Katharine Graham was the daughter of Eugene Meyer, who was handling the Washington Post from 1963 onward. Warren Buffet had first met Katharine Graham in 1971.
In 1971, Katharine Graham decided to take the Washington Post public. In 1972, the price of Washington Post share climbed steadily from $ 24.75 in January to $ 38 in December.
But from 1973 onward, the USA economy entered into stagflation. The Dow Jones index was heading downward.
And all the while, Buffet was quietly buying shares in the Washington Post. By June 1973, he had purchased 4,67,150 shares at an average price of $ 22.75, a purchase of worth $ 10,628,000.
At first, Katharine Graham was unnerved. The idea of a non-family member owning so much Post stock, even though, it was non-controlling, was unsettling. Buffet assured Mrs Graham that Berkshire’s purchase was for investment purposes only.
The question is raised, what prompted Warren Buffet to make an investment in Washington Post?
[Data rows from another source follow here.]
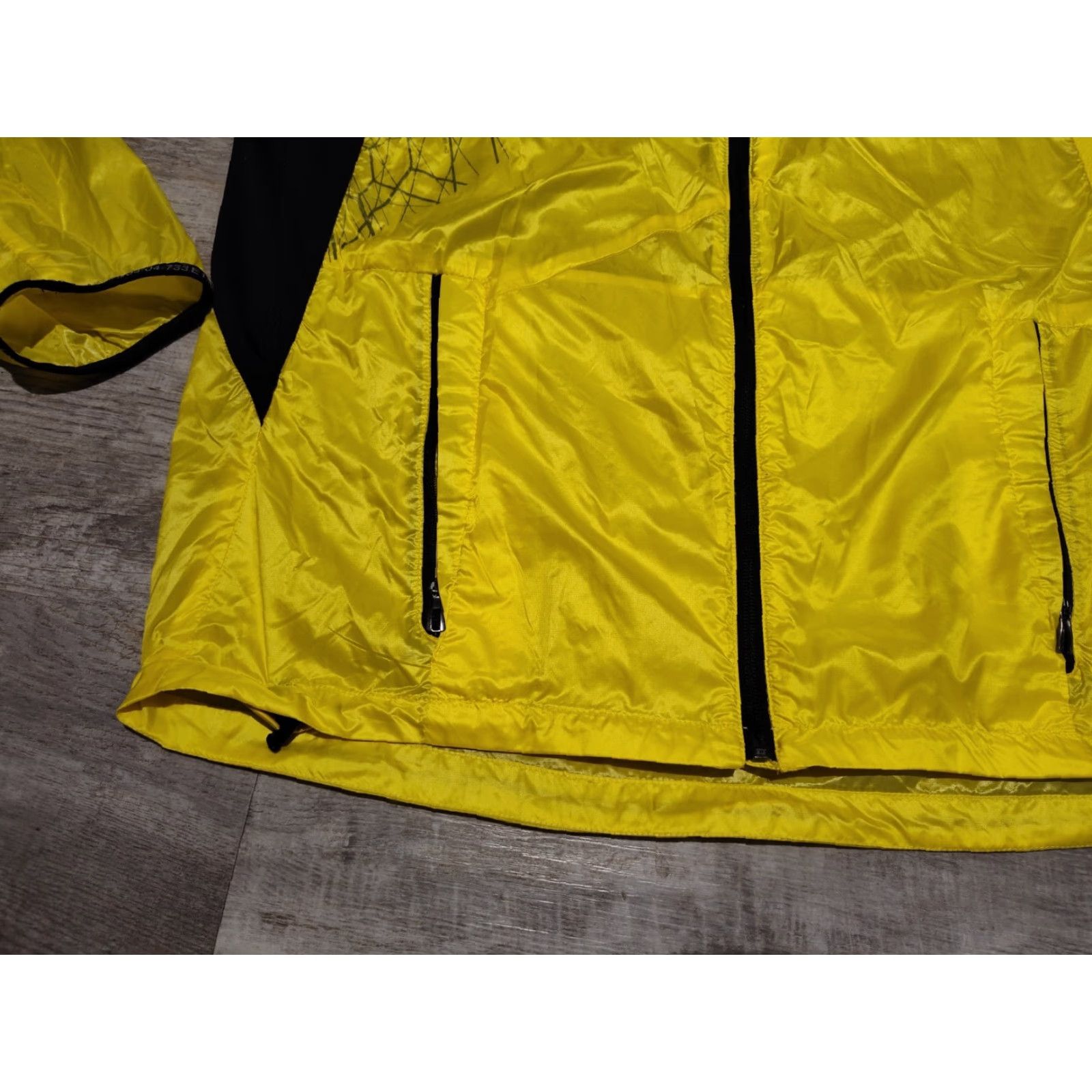 Vintage VINTAGE RLX Ralph Lauren Polo Sport Technologies Cycling Jacket L Bright Yellow Size US L / EU 52-54 / 3 - 2 Thumbnail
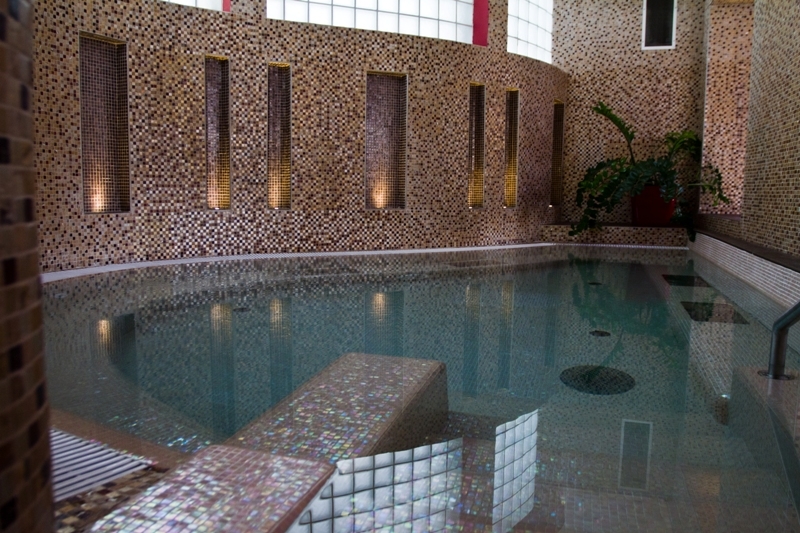 Kristály Imperial Hotel és Pálma Rendezvényház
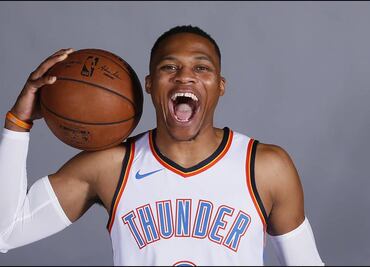 Aún sin firmar, Westbrook feliz en OKC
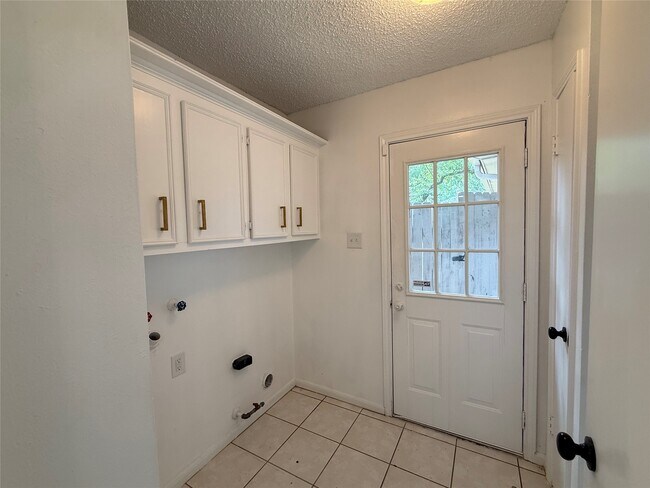 Building Photo - 1847 Spruce Knob Dr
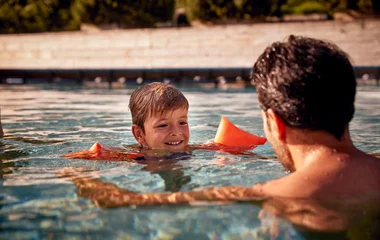 Kind mit Schwimmflügel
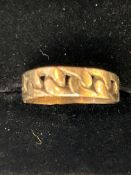 9ct Gold ring Size M (2.1g)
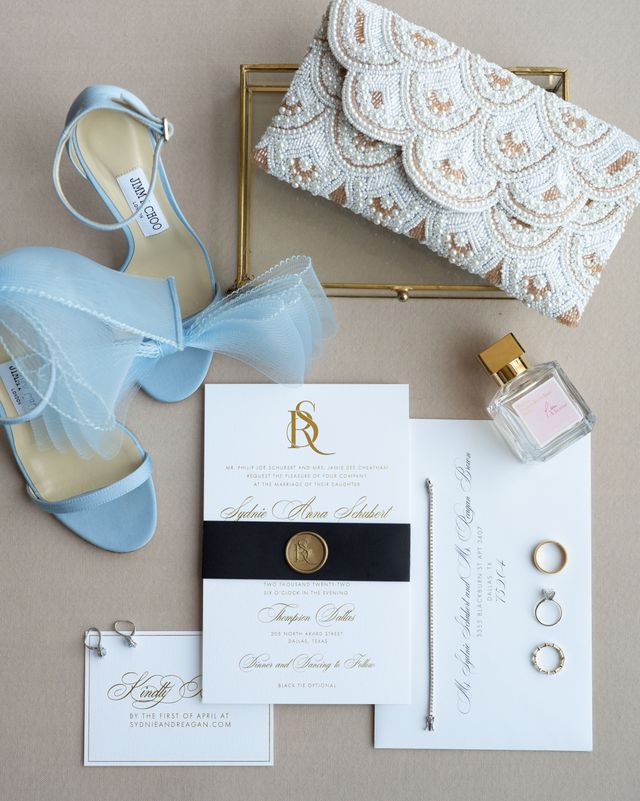 Featured photo from Classic Black & White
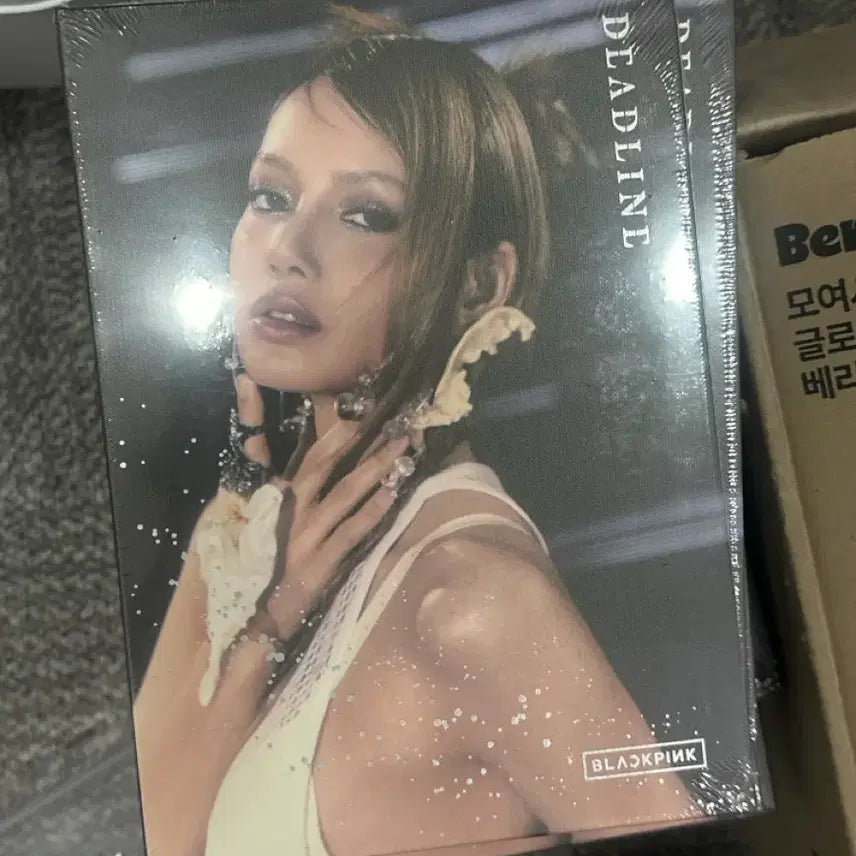 [BUNJANG] BLACKPINK Lisa DEADLINE Album (Sealed) / 미개봉 새상품 블랙핑크 블핑 앨범 데드라인 블랙 핑크 리사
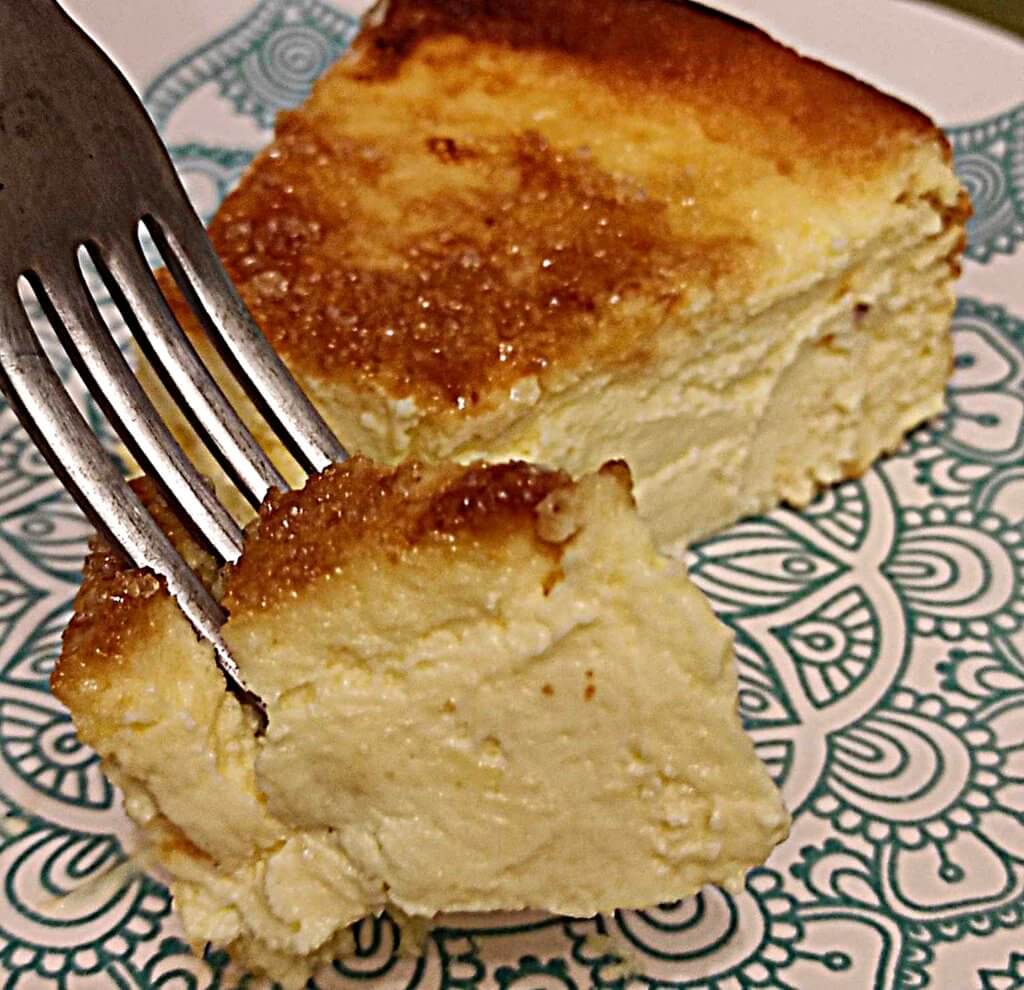 La miglior cheese-cake cremosa senza glutine al cioccolato bianco.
The answer may lie in his previous experience in the newspaper industry.
In 1969, Buffet bought his first major newspaper, the Omaha Sun, along with a group of weekly papers. Although he respected high-quality journalism, Buffet thought of newspapers first always as a business. He expected profits, not influence, to be the rewards for the paper’s owner. Owning the Omaha Sun taught him the business dynamics of newspaper. He had four years of handsome experience owning a newspaper before he bought his first share of the Washington Post.
To conclude, though Warren Buffet had taken the decision of making an investment in the Washington Post, that decision was not based on purely financial statements. He has intuition based on his earlier real working experience of the newspaper industry.